O Partido dos Trabalhadores divulgou neste domingo uma nota pública em que reage às críticas dirigidas a ministros do Supremo Tribunal Federal após a saída de Dias Toffoli da relatoria do caso envolvendo o Banco Master. A legenda, do presidente Luiz Inácio Lula da Silva, afirmou que não pretende “fazer coro com nenhum oportunismo autoritário” e classificou como ataque os movimentos recentes contra integrantes da Corte.

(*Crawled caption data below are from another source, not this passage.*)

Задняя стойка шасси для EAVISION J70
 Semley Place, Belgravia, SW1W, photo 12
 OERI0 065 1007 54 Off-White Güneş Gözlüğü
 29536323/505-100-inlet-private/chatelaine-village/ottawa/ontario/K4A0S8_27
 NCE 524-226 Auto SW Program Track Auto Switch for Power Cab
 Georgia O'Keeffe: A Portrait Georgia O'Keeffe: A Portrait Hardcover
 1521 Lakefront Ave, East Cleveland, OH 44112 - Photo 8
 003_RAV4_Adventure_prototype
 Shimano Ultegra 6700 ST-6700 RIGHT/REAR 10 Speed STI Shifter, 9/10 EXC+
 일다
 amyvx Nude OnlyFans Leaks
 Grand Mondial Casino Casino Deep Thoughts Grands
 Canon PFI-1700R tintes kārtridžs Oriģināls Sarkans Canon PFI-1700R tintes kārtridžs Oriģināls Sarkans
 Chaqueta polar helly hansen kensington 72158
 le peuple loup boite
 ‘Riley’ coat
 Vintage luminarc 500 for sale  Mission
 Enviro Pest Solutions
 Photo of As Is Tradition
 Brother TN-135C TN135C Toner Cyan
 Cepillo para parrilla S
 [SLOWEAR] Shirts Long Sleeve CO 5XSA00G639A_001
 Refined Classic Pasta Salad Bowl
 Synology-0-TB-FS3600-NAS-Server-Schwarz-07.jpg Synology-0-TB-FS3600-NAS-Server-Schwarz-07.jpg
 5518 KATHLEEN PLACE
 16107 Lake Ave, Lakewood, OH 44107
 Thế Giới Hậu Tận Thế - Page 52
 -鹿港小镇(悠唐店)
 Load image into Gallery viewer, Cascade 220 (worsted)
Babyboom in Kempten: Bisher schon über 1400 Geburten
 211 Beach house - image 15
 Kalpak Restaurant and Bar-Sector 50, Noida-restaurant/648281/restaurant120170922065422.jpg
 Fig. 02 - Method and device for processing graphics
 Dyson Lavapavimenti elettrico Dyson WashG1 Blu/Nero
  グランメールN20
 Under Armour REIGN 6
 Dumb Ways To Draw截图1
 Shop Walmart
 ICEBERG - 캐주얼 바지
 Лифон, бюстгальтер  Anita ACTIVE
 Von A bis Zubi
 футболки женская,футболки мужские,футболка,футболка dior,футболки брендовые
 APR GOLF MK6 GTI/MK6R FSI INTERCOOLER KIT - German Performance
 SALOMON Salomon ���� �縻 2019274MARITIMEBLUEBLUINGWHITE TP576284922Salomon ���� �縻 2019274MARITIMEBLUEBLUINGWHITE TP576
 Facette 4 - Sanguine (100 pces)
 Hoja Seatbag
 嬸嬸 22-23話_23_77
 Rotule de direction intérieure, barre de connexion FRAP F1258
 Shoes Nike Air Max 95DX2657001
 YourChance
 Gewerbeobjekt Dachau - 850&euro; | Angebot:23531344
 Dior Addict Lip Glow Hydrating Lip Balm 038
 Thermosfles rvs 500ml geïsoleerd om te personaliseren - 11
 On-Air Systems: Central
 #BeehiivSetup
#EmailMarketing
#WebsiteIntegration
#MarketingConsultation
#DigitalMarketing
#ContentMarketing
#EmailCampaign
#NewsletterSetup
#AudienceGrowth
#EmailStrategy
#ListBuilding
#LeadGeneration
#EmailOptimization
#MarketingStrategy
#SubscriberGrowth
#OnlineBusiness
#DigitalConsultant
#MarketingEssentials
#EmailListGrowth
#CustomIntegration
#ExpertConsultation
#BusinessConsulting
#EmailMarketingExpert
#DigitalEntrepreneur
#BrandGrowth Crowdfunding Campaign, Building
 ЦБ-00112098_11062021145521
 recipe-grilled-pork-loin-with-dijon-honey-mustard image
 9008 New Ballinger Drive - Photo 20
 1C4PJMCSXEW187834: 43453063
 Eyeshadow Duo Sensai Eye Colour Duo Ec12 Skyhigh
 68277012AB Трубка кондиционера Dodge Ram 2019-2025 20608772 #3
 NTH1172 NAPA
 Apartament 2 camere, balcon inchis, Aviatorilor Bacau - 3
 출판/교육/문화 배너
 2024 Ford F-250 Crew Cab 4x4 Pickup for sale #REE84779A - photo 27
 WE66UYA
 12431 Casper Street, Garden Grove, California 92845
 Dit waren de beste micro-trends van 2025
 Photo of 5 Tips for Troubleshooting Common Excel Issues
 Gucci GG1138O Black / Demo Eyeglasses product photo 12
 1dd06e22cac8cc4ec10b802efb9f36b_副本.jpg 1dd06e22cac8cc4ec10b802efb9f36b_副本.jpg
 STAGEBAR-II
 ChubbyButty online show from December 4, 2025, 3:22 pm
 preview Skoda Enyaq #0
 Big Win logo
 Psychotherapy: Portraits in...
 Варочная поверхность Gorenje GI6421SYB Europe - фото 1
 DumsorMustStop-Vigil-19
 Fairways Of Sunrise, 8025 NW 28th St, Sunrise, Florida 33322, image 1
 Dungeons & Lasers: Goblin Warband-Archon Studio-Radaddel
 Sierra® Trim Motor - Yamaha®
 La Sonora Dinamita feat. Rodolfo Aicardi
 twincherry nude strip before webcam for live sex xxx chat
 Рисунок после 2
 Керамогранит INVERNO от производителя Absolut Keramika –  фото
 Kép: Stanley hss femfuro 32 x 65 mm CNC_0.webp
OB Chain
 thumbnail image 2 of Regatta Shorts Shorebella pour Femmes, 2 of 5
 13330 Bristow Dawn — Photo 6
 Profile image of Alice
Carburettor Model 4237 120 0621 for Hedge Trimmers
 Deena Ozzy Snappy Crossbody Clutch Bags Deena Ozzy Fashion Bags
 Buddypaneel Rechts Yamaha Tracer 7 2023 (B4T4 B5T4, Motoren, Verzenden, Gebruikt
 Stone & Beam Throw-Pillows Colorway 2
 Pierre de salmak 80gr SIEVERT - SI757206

No texto, o PT declara apoio às investigações relacionadas ao Banco Master, mas ressalta que não endossa julgamentos antecipados. A sigla afirma que não dará suporte a “pré-julgamento e linchamento e linchamento de ninguém”.
Ao jornal O Globo, Edinho Silva, presidente da legenda, diz que o partido se posicionou favoravelmente às investigações envolvendo o Master, mas não prestará apoio a “pré-julgamento e linchamento de ninguém”.
“O PT não vai fazer coro com nenhum oportunismo autoritário. Por mais que seja urgente uma profunda reforma nas instituições brasileiras, reforma político eleitoral, nosso atual modelo de democracia representativa está carcomido, é urgente também uma reforma no poder Judiciário, mas essa necessidade não pode ser confundida com nenhum movimento fascista, organizado, que busca enfraquecer as instituições que sustentam o regime democrático “, disse Edinho.
Reunião reservada e vazamento
A manifestação ocorre após reunião realizada na noite de quinta-feira entre ministros do STF, quando foi definida a saída de Toffoli da relatoria do caso Master. Reportagem do site Poder360 divulgou falas atribuídas aos magistrados durante o encontro. Segundo informou o jornal O Globo, integrantes da Corte demonstraram indignação com o vazamento do conteúdo da conversa.
Um ministro teria classificado a divulgação das falas reservadas como “coisa de moleque”. De acordo com integrantes do Supremo, na reunião estavam presentes apenas os dez ministros que atualmente compõem o tribunal, sem a participação de assessores ou técnicos.
Nos bastidores, ministros afirmam que o vazamento contribuiu para ampliar um ambiente de desconfiança interna. Segundo relatos, o clima se assemelha ao período anterior à pandemia, quando divergências públicas entre magistrados vieram à tona.
Relatório da PF e pedido de suspeição
A decisão sobre a relatoria ocorreu após a Polícia Federal encaminhar ao presidente do STF, ministro Edson Fachin, um relatório pericial relacionado ao celular de Daniel Vorcaro, controlador do Banco Master. O documento teria identificado menções ao nome de Dias Toffoli em mensagens encontradas no aparelho.
A existência do relatório foi inicialmente noticiada por veículos como UOL e confirmada por O Globo. Após o encaminhamento do material ao Supremo, foi aberto na Corte um pedido de suspeição contra Toffoli.
Na nota divulgada neste domingo, o PT afirma que é necessário apurar todas as denúncias, mas critica o que considera um ataque institucional. “Temos que apurar todas as denúncias, mas esse ataque aos ministros do STF, sem o direito de defesa, enfraquece o Judiciário, alimenta o sentimento antissistema, e pavimenta o caminho do autoritarismo”, afirma o texto.